OYO China, a leading hotel chain brand, will layoff a substantial amount of their staff, amidst a company reorganization. Sources have said that in the last two weeks, the development team and operations team would face cutbacks to staff worldwide amounting to nearly half of the employees in each team. For example, the development team has 2000 to 3000 employees, with 1000 of them to be fired.
In response to these layoffs, OYO is claiming that their company culture is entrepreneurial, emphasizing the need for innovation, agility and the ability to iterate quickly. The firm commented, “OYO’s corporate management culture is performance-oriented, data-driven, and excellent. It will never compromise with untrustworthy behavior, and will never tolerate continuous performance failure.” Established in India, OYO entered the Chinese market at the end of 2017 with its first location in Shenzhen. Following a $800 million round of investment form reputable funds including SoftBank, Sequoia Capital and Lightspeed Capital, it further expanded into the Chinese market, using $600 million of this investment.

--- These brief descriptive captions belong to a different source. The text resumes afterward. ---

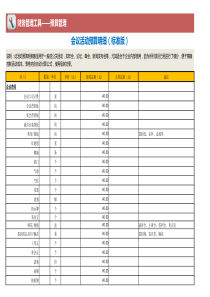 会议活动预算明细-标准详细版-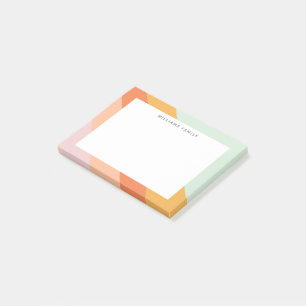 Colourful Diagonal Stripes Retro Sweet Candy Paste Post-it Notes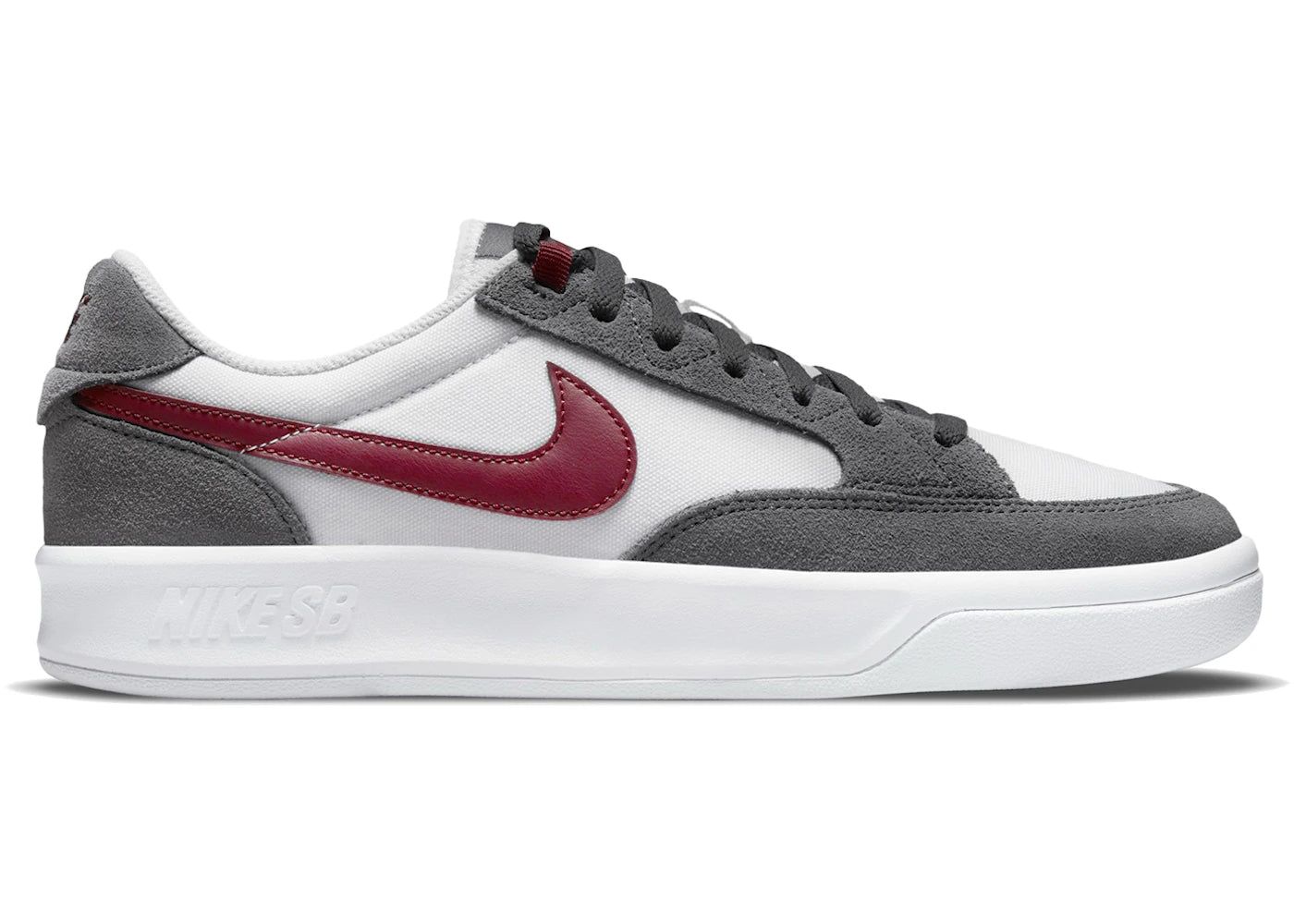 Nike Adversary SB Premium Iron Grey Team Red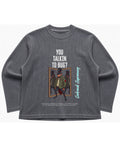 Acidwash waffle knit oversized full-sleeve Front Design
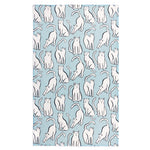 MÜkitchen VIBE Premium Quick Dry Dual Sided Recycled Towel, Curious Cats, 18" x 30"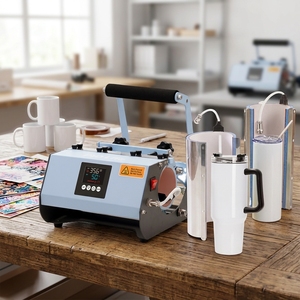 Máquina de Prensa de Calor para Sublimación de Vasos 2 en 1 PYD Life, para Vasos de 30oz y 40oz, Prensa de Transferencia para Tazas y Vasos Personalizados - Product Image 1
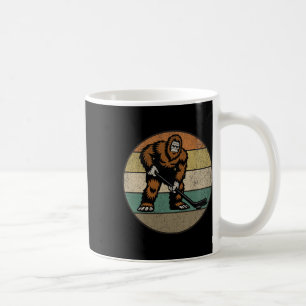 Mug Bigfoot Hockey Rétro Vintage 70s Sasquatch Hockey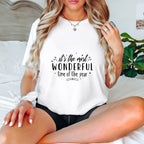 It's The Most Wonderful Time Of The Year Design - Christmas Unisex Crewneck T-Shirt Sweatshirt Hoodie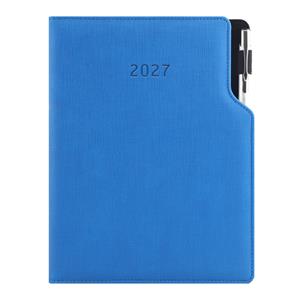 Diár GEP s perom denný A5 2027 slovenský - modrá pastelová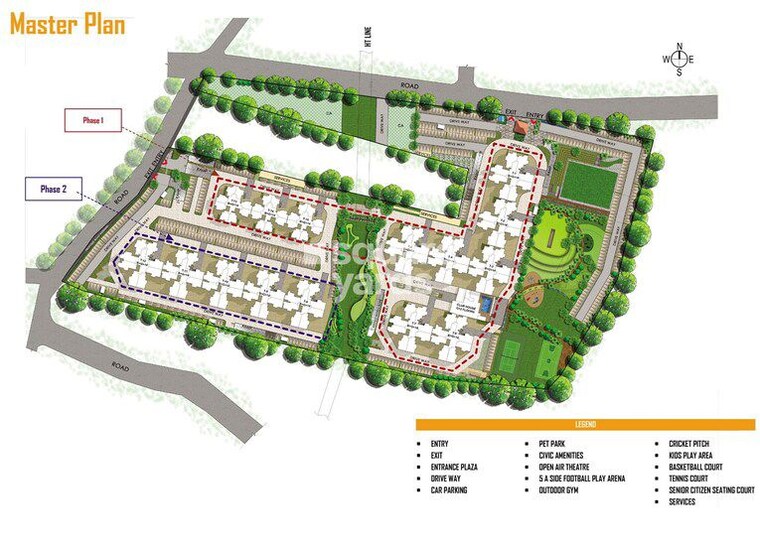 Master Plan, prestige-primrose-hills-phase-ii 3 Bedroom 1658 Sq.Ft. Apartment In Banashankari 6th Stage Bangalore 10503512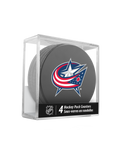 NHL Columbus Blue Jackets Hockey Puck Drink Coasters (4-Pack) In Cube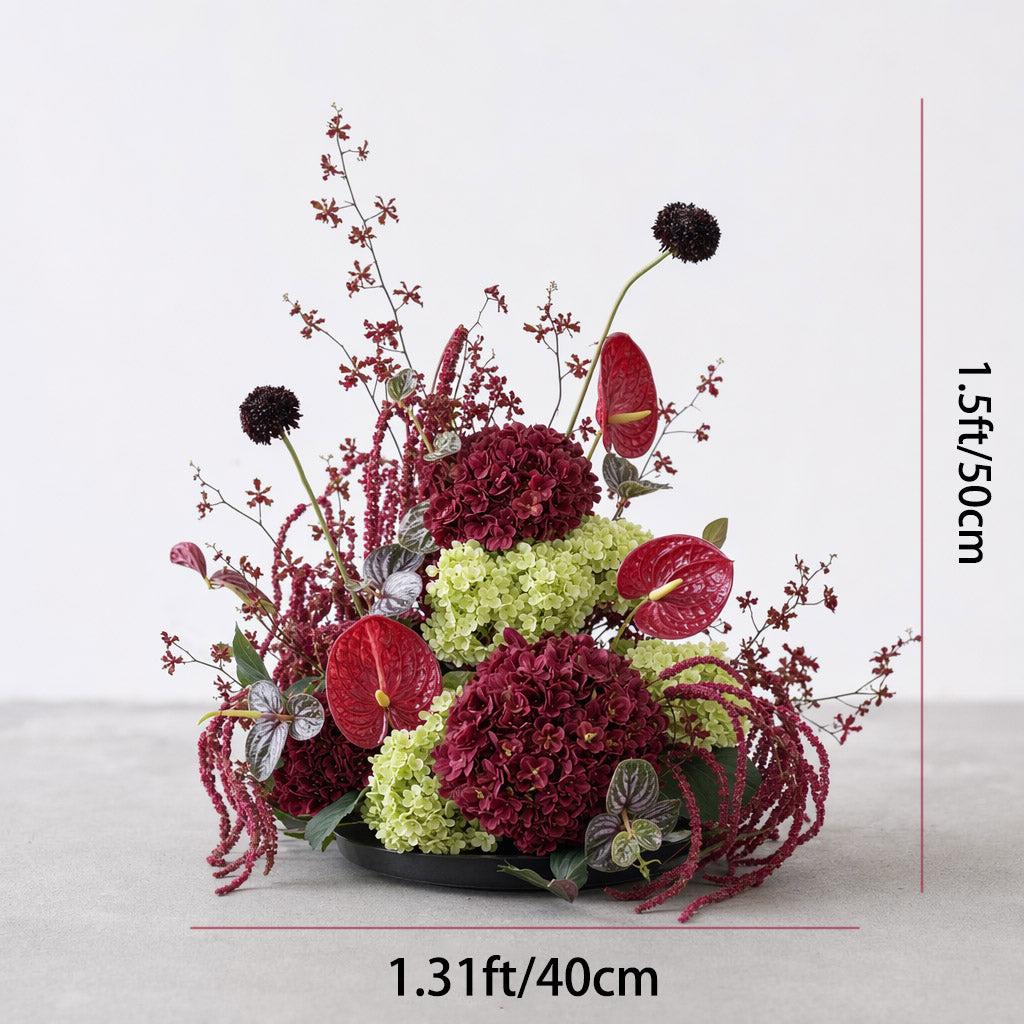 Roseytime Garnet Grove Small Table Flower Arrangement #RTT001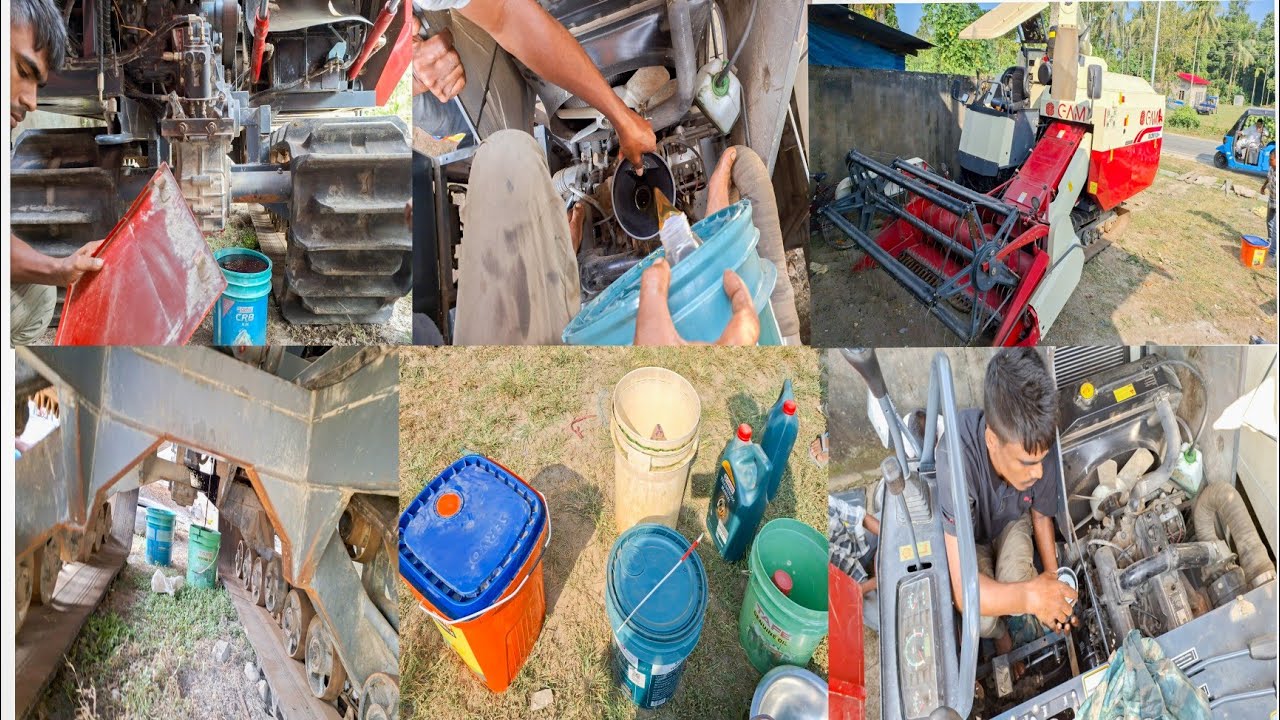 GAM Harvester (Full Servicing) Gear Oil Change,Hydraulic Oil Change,Engine Oli Change,Filter Change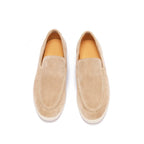 Brand Men's Suede Loafers Brown Comfortable Slip-On Moccasins — Image 12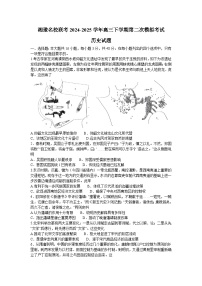 湘豫名校联考2024-2025学年高三下学期二模历史试卷（Word版附答案）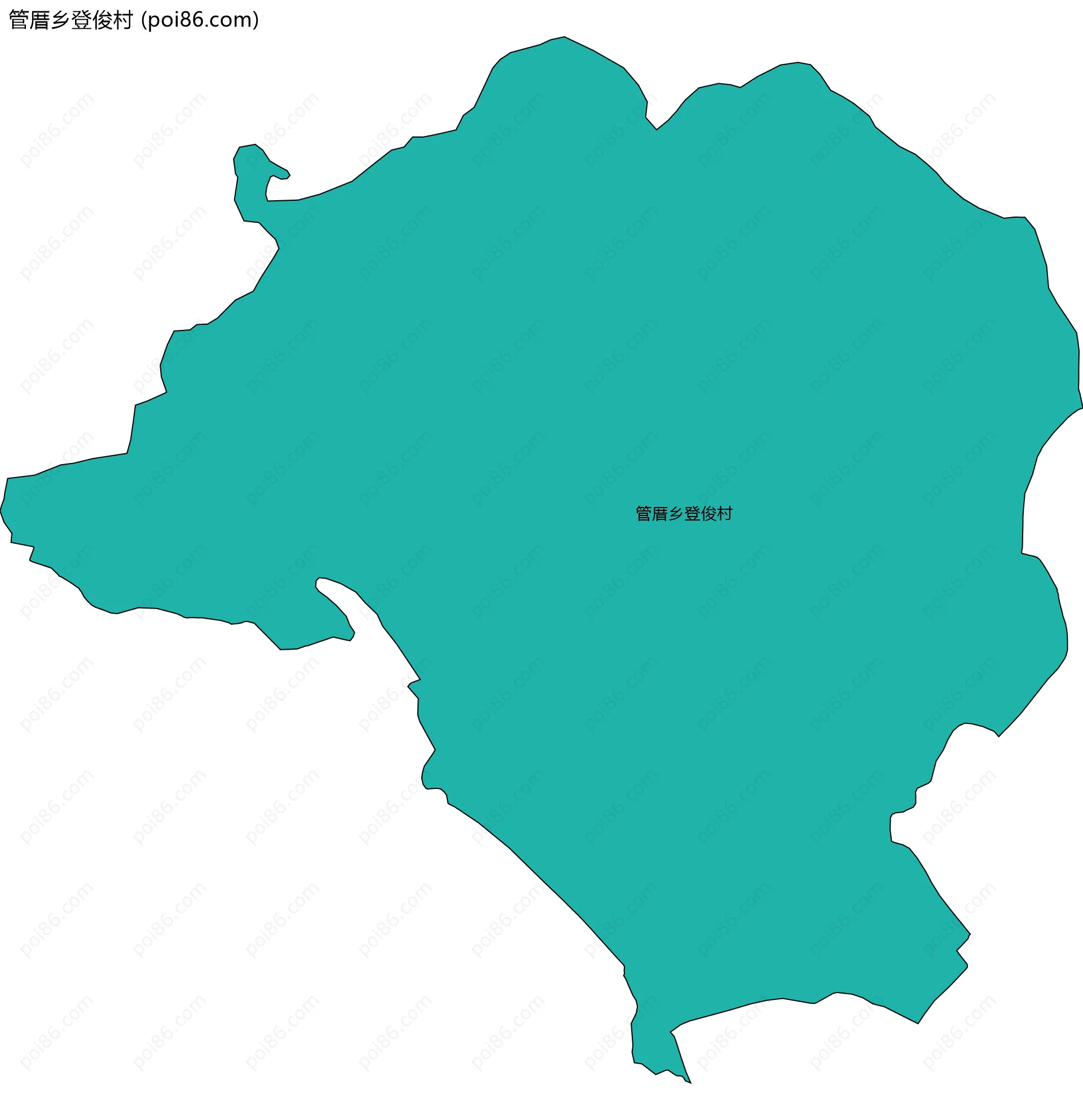 管厝乡登俊村边界地图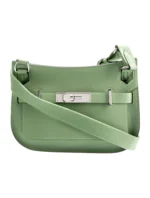 Replica Hermes 316413 Jyspiere Leather Hermes bags Light Green H90091934342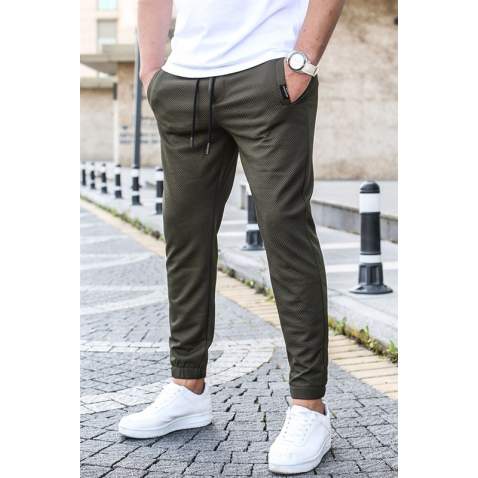 Madmext Khaki Sweatpants 5264 - Haki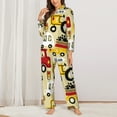 thumbnail image 2 of Sikiie Vehicles Women's Long-Sleeve Shirt and Full-Length Bottom Pajama Set (s-xxl)-X-Large, 2 of 7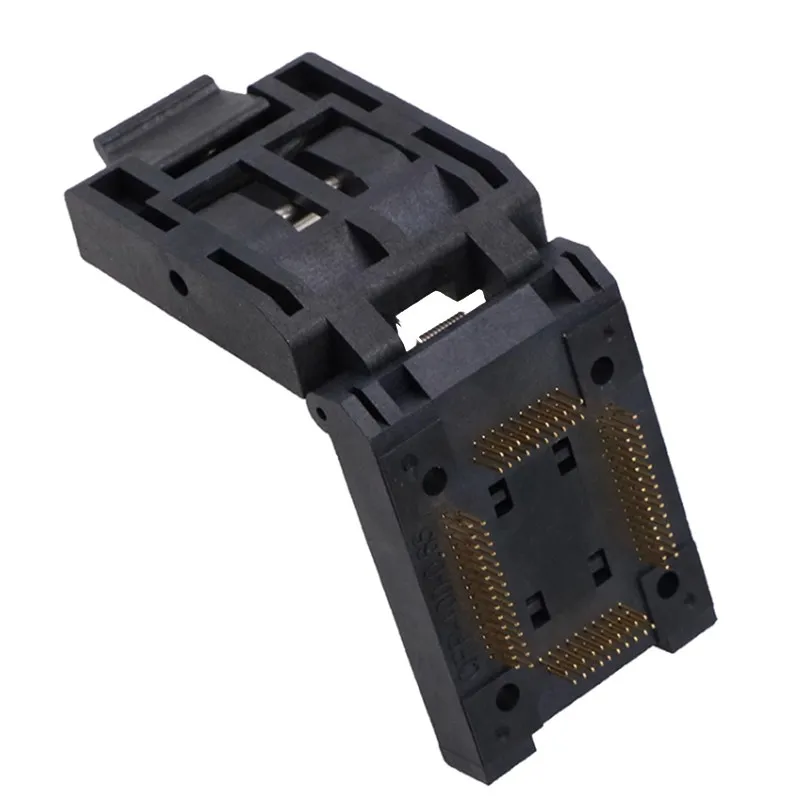 Microcontroller QFP100-0.65 (20x14) Burn Holder Read and Write Programming Socket Fixture IC Test Locking Fixture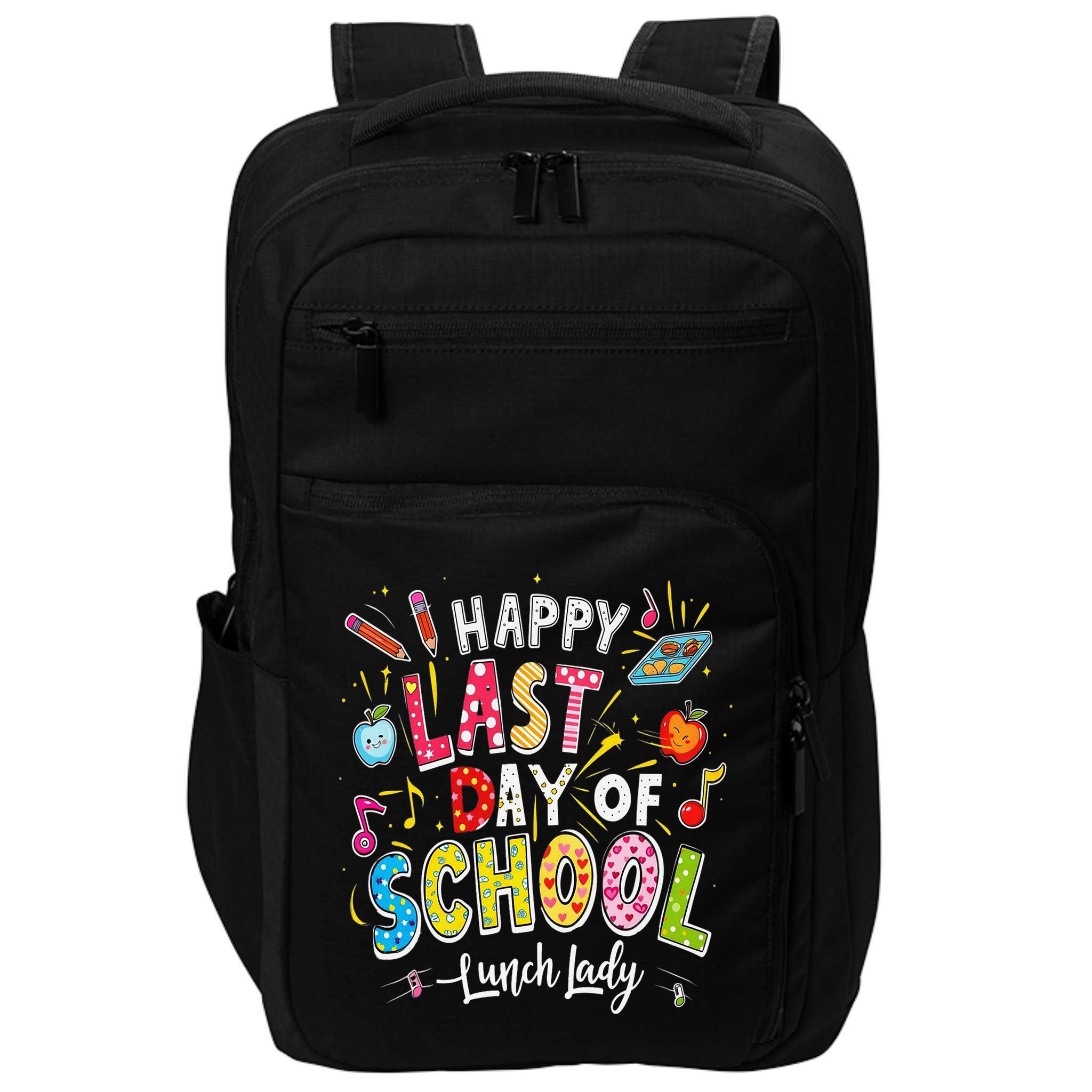 Happy Last Day Of School Lunch Lady Summer Design Gift Impact Tech Backpack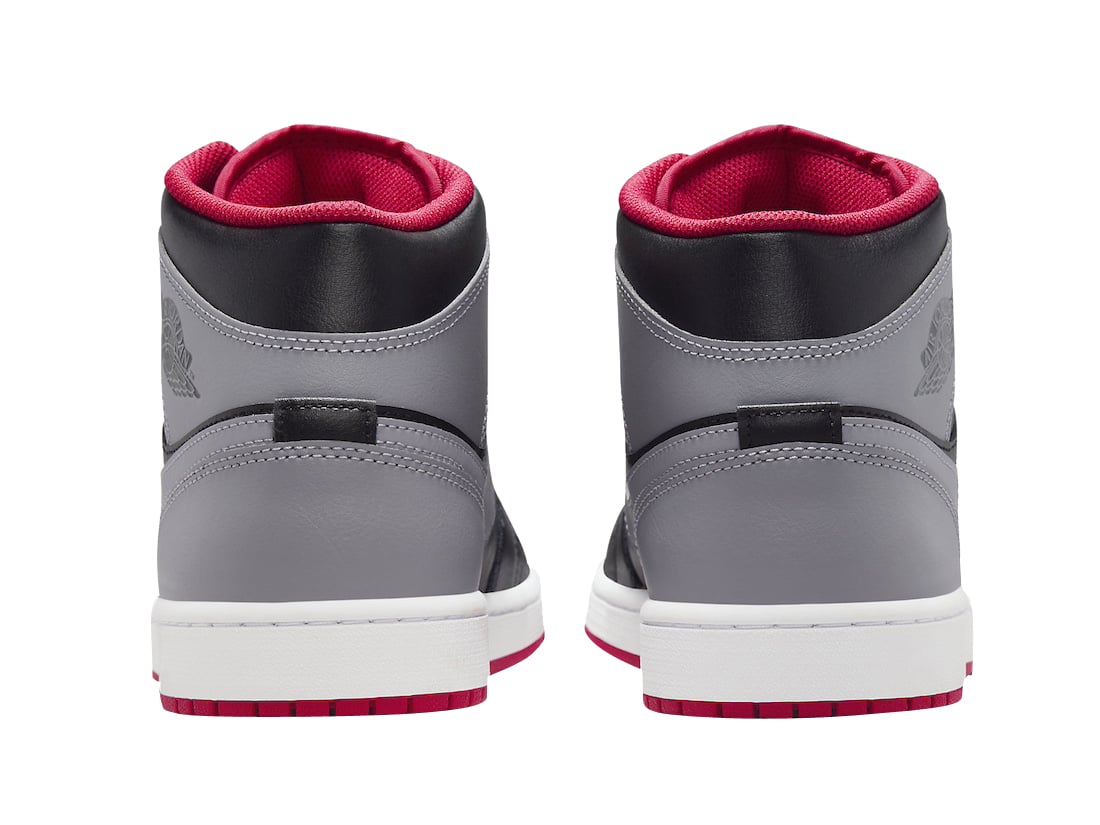 Air Jordan 1 Mid Black Cement Grey - Image 5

This month, Indian media reported that OYO is planning a new round of financing of $1 billion. Bloomberg reported that OYO intends to replicate its business expansion in the Indian and Chinese markets to the US market by investing $300 million. OYO had recently seen its costs swell, largely due to increases in labor costs, with the number of OYO’s China teams increasing by about 75 times from May 2018 to May 2019. Thus the large-scale layoffs could be an attempt to reorganize and optimize the company’s capital structure before launching an expansion into a new market.